With that preamble out of the way, let’s get into things…

Before we look at the specifics of calorie intakes, macronutrient intake, diet quality and other key elements of fuelling your performance, take a moment to reflect on your most recent training session or the last time on the platform. 

I want you to ask yourself these three, simple questions…

  1. Did you feel as though your diet adequately fueled your body for the demands of the workout? 
  2. Did you feel as though your diet provided you with the energy needed to facilitate an appropriate rate of recovery between sets? 
  3. Did you feel as though your diet was conducive to sustaining a high level of physical and mental energy in order to lift and perform at your best? 

Although there are a myriad of factors that can influence your energy levels, recovery capacity and performance within a workout, it is common knowledge that nutrition, particularly around the training bout, can influence your training performance in a meaningful way.

A few of the primary ways that strength athletes squander their workout quality and performance are:

  • A failure to eat sufficient calories, leaving them hungry and running out of energy during a workout;
  • Eating too many calories, leaving them stuffed, sluggish and tired;
  • Opting for poor quality foods that can lead to rapid spikes and crashes in energy levels; or
  • Opting for overly nutritious foods (specifically high volume and high fibre options) that cause gastrointestinal issues and discomfort whilst lifting.

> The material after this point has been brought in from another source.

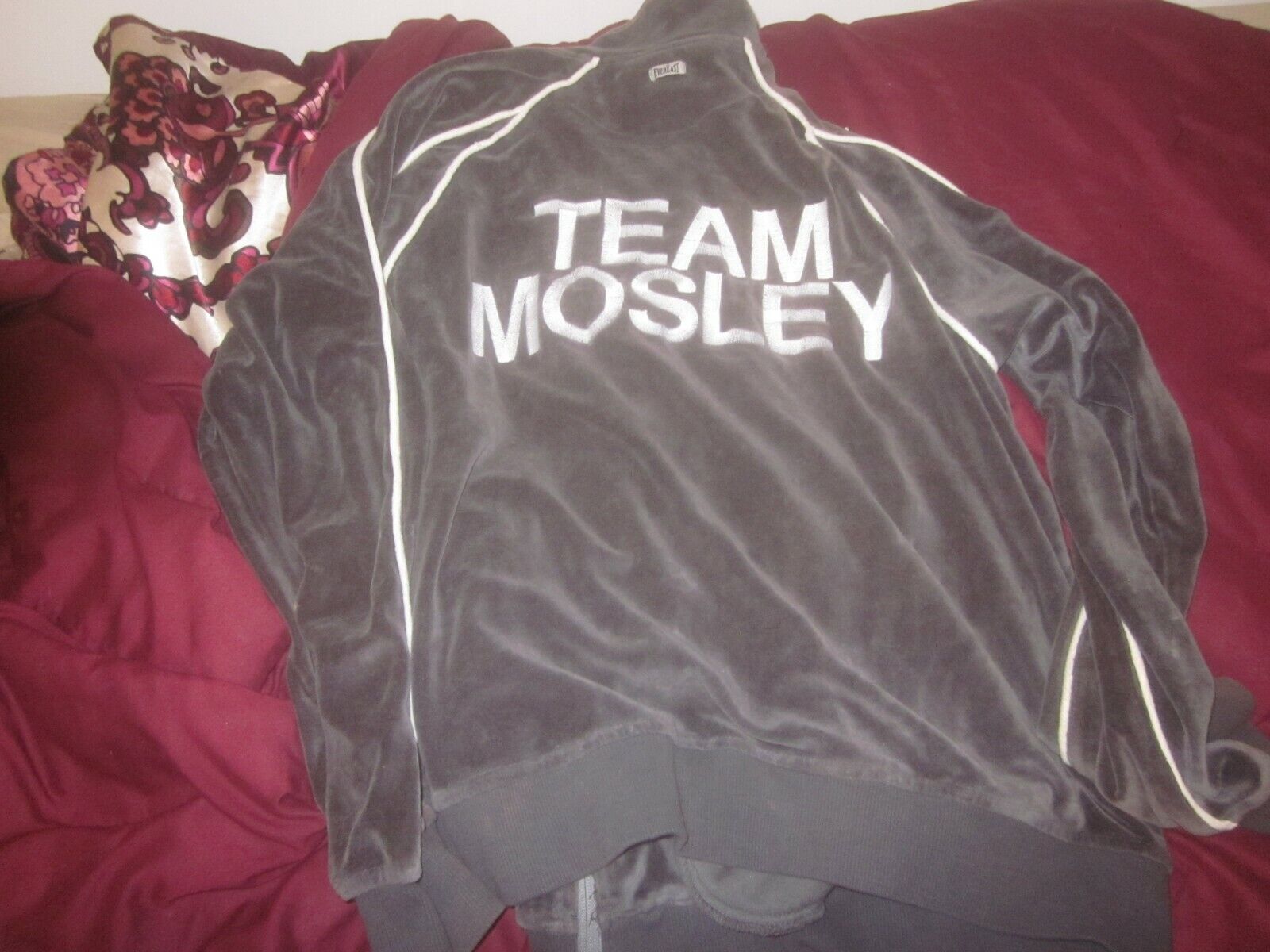 Sugar Shane Mosley Boxer Corner Man Everlast Jacket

Chances are if you are reading this article you are looking to make improvements to your performance particularly in the realm of nutrition. As we established in Part I of this article, there are common nutrition mistakes lifters make in an effort to maximise their performance and body composition. Unfortunately, in many cases, this ends up having the opposite effect and their performance suffers, hence my desire to educate lifters on what they should be doing with their nutrition to complement their lifting. 

Before we get into the nitty gritty of how you can devise a diet for performance, I just want to draw attention to the nutrition for performance pyramid. This will hopefully remind you that performance follows health and supplements proceed the latter.

Elite athletes are not invincible and irrespective of whether an individual competes at the highest level or is a weekend warrior, all athletes are human. As humans we must first ensure our diet provides for adequate function of many bodily systems. Without a functioning metabolism, immune, digestive or endocrine systems, an athlete will be hard pressed in maximising their performance.

Whilst athletes are required to stress their bodies in a variety of ways, each unique to the demands of their sport, nutrition must first attempt to satisfy the foundational requirements of health and well-being, as much as possible anyway. Although attaining peak performance requires many trade-offs in the way of ‘health’, we must not leap over health and well-being and focus our efforts ignorantly at performance nutrition or supplementation.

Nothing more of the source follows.